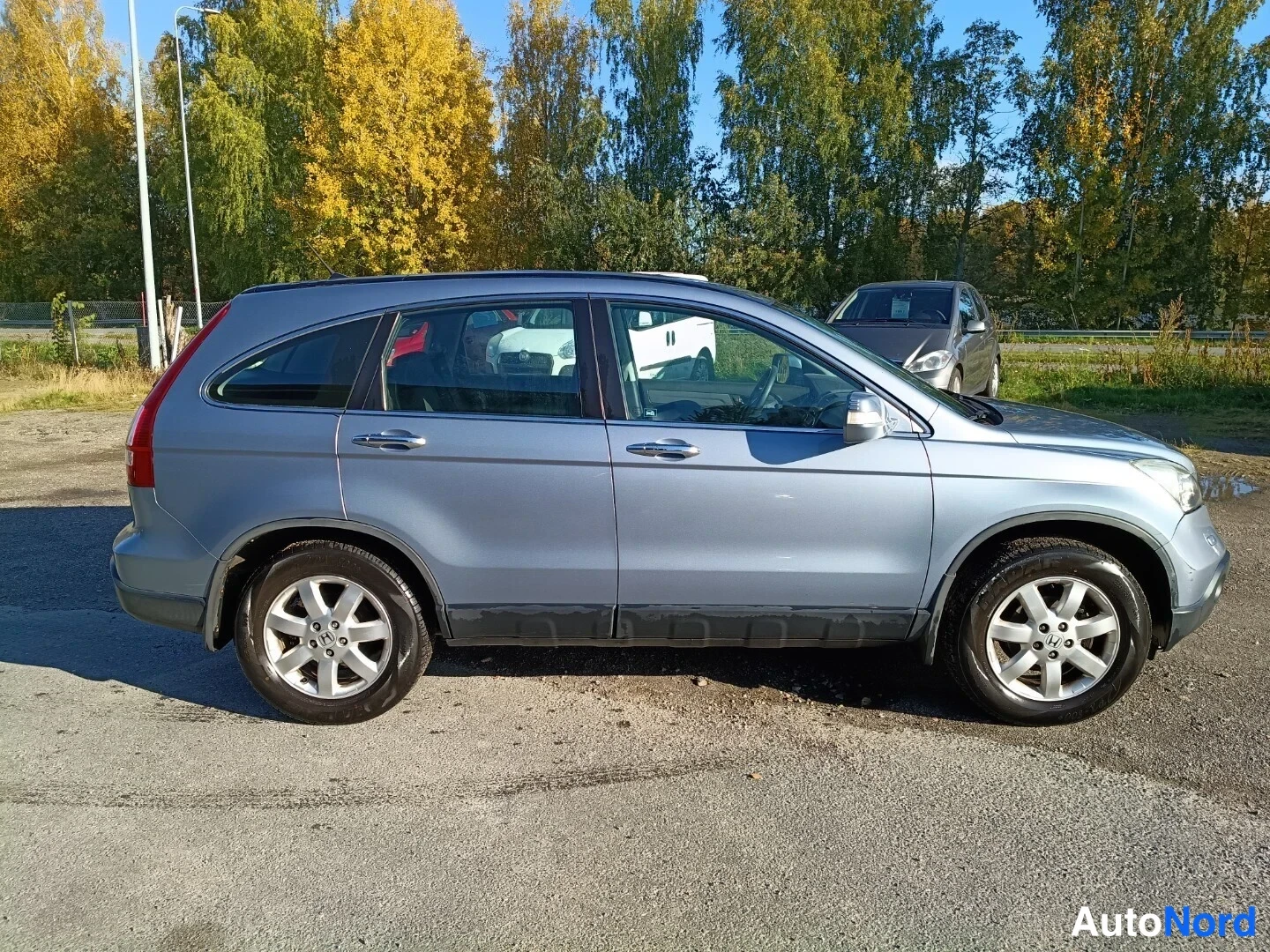 Sivulta: Honda CR-V:n sivukuva, auton kylki ja molemmat pyörät näkyvät hiekkaisella pihalla puiden edessä.
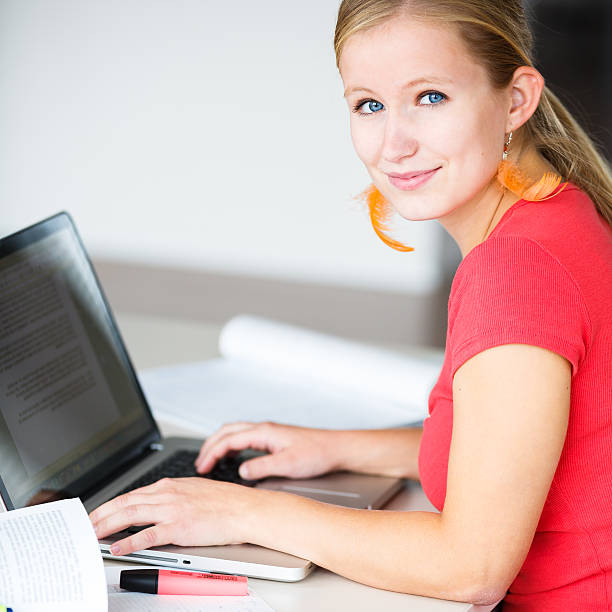 istock Pretty, female student in a high school library 504340375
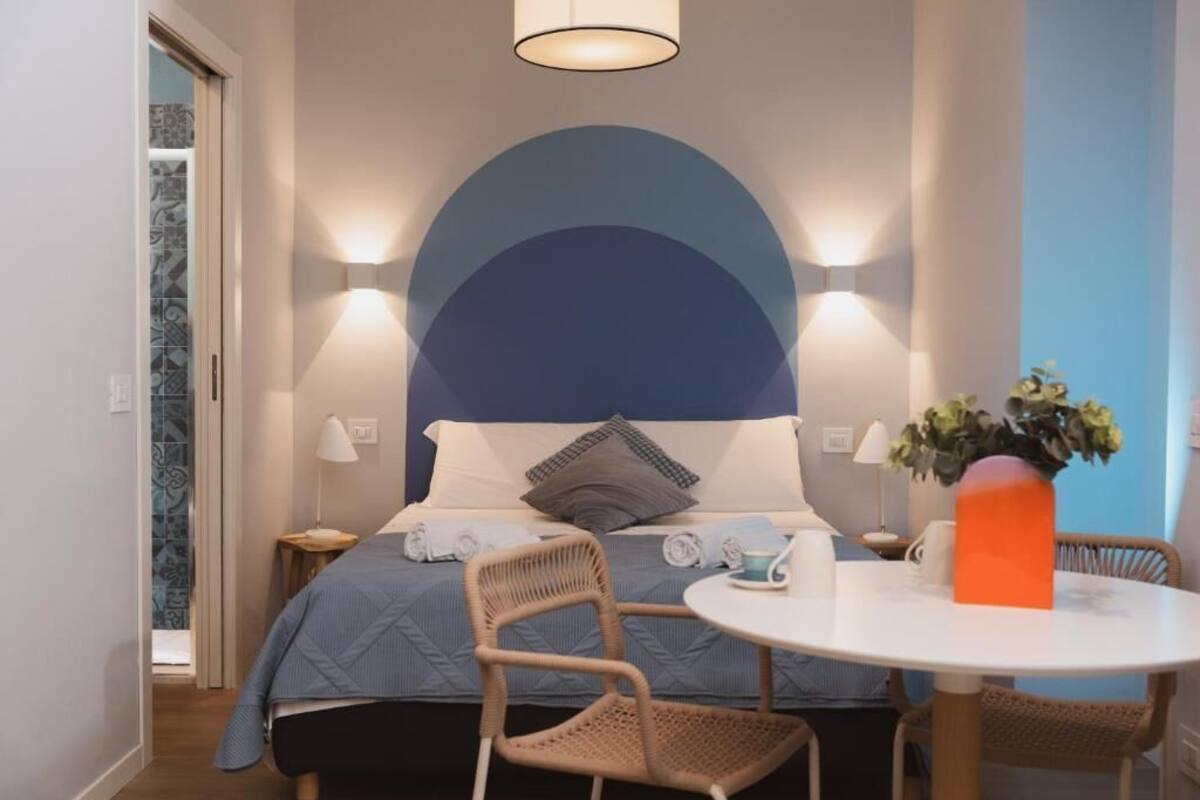 A bedroom with a bed, two bedside lamps, a round table with a vase, and a chair.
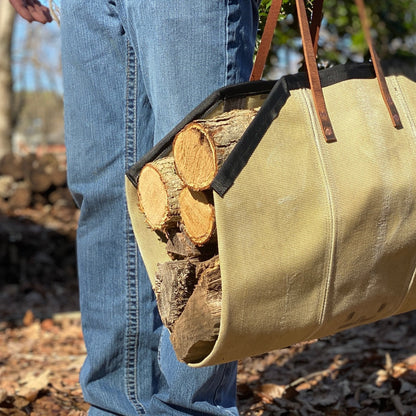 Fire Hose Wood Carrier loaded with firewood being carried outdoors, highlighting the durability of the decommissioned hose material and leather handles.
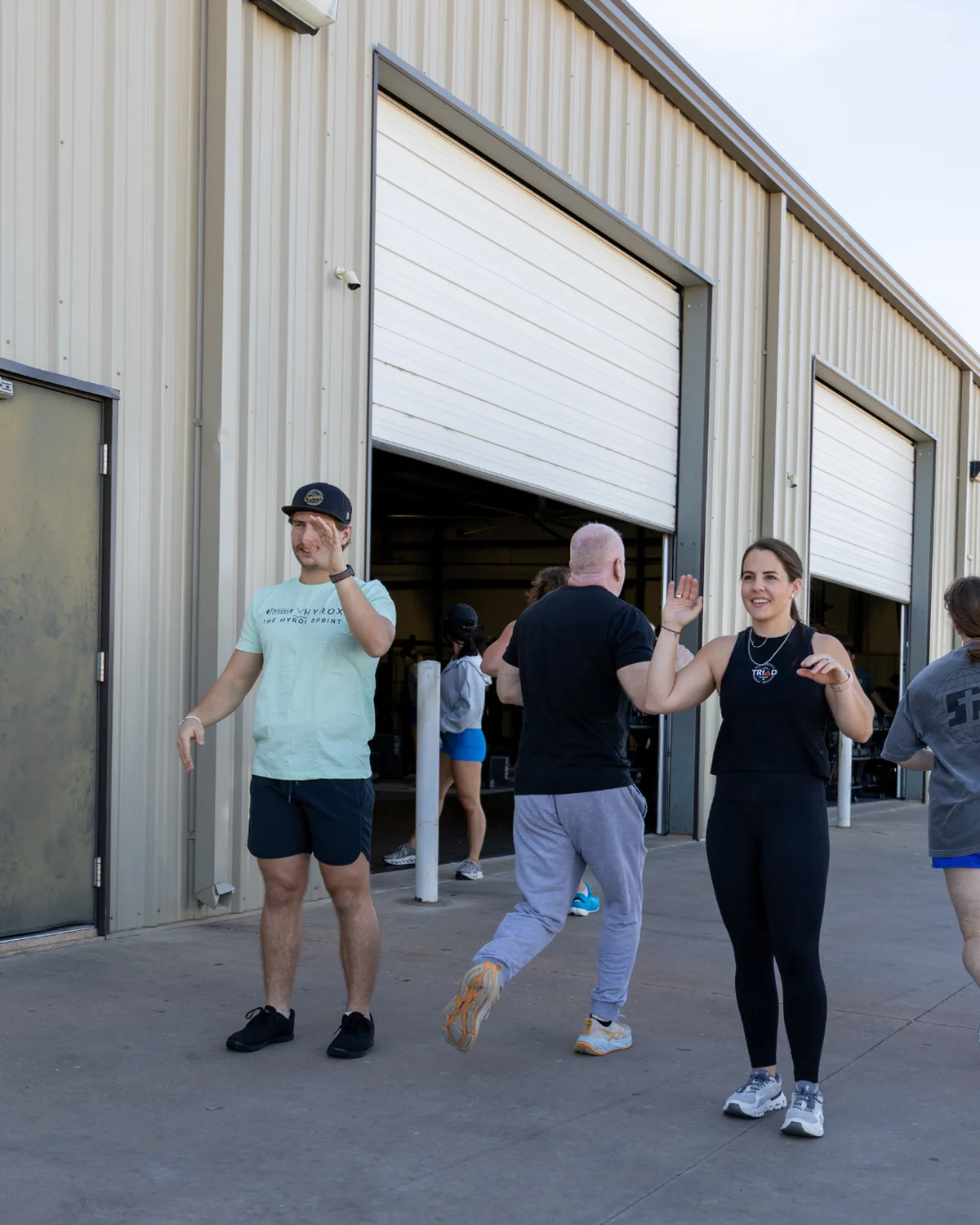 Corbi Hodge high-fiving members finishing a workout outside True Grit Fitness in Edmond, Oklahoma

EXERCISE OBJECTIVE:
All entries need to be duplicated exactly, apart from the images.

EXERCISE SOLUTION:
 Sivulta: Honda CR-V:n sivukuva, auton kylki ja molemmat pyörät näkyvät hiekkaisella pihalla puiden edessä.
 istock Pretty, female student in a high school library 504340375
 A bedroom with a bed, two bedside lamps, a round table with a vase, and a chair.
 Fire Hose Wood Carrier loaded with firewood being carried outdoors, highlighting the durability of the decommissioned hose material and leather handles.
 Corbi Hodge high-fiving members finishing a workout outside True Grit Fitness in Edmond, Oklahoma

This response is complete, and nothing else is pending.